### [Material for this task]
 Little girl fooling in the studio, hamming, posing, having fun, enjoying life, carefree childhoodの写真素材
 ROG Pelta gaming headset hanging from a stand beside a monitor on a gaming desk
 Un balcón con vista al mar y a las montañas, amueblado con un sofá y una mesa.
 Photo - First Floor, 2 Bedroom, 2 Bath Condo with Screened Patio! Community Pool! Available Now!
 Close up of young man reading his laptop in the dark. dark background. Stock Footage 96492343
...
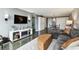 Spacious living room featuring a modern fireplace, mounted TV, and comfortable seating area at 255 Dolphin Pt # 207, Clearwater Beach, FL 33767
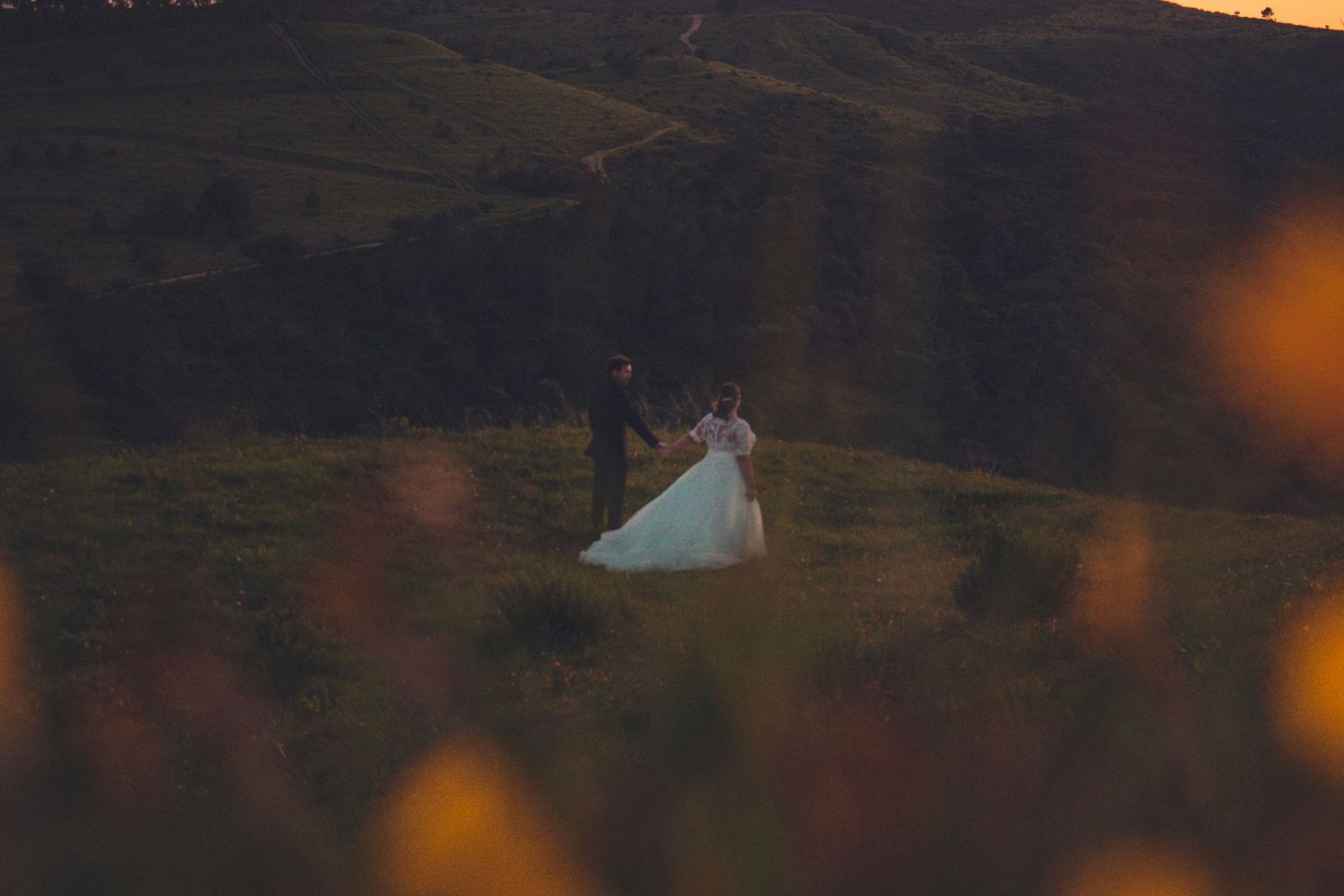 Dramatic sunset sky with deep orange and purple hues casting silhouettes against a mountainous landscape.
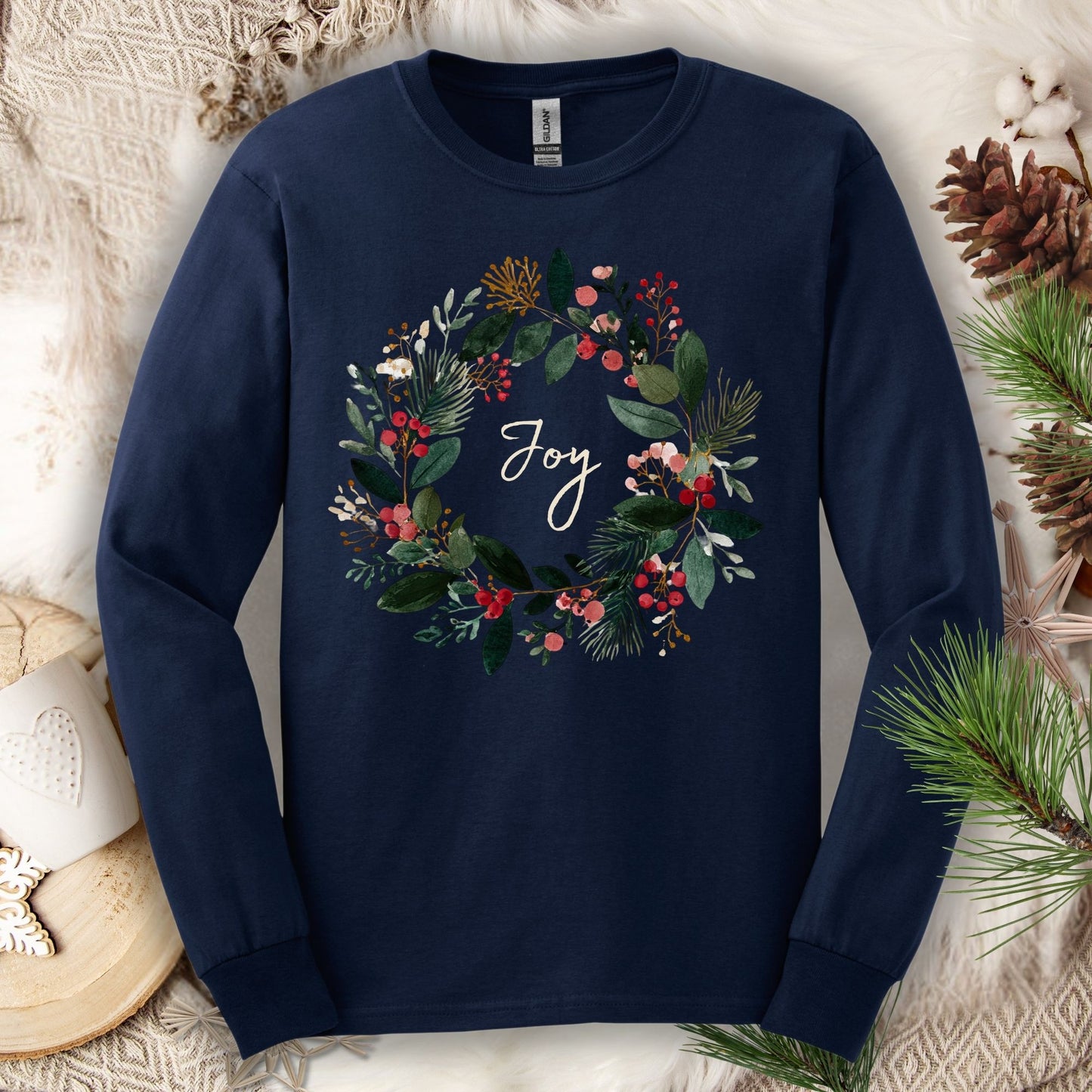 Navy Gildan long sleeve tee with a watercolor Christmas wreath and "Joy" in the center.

### [Activity]
Please output the lines of the listing above that fall in the stretch from the one with "Photo - First" through the one with "Close up of", exactly and only those.

### [Written answer]
 Photo - First Floor, 2 Bedroom, 2 Bath Condo with Screened Patio! Community Pool! Available Now!
 Close up of young man reading his laptop in the dark. dark background. Stock Footage 96492343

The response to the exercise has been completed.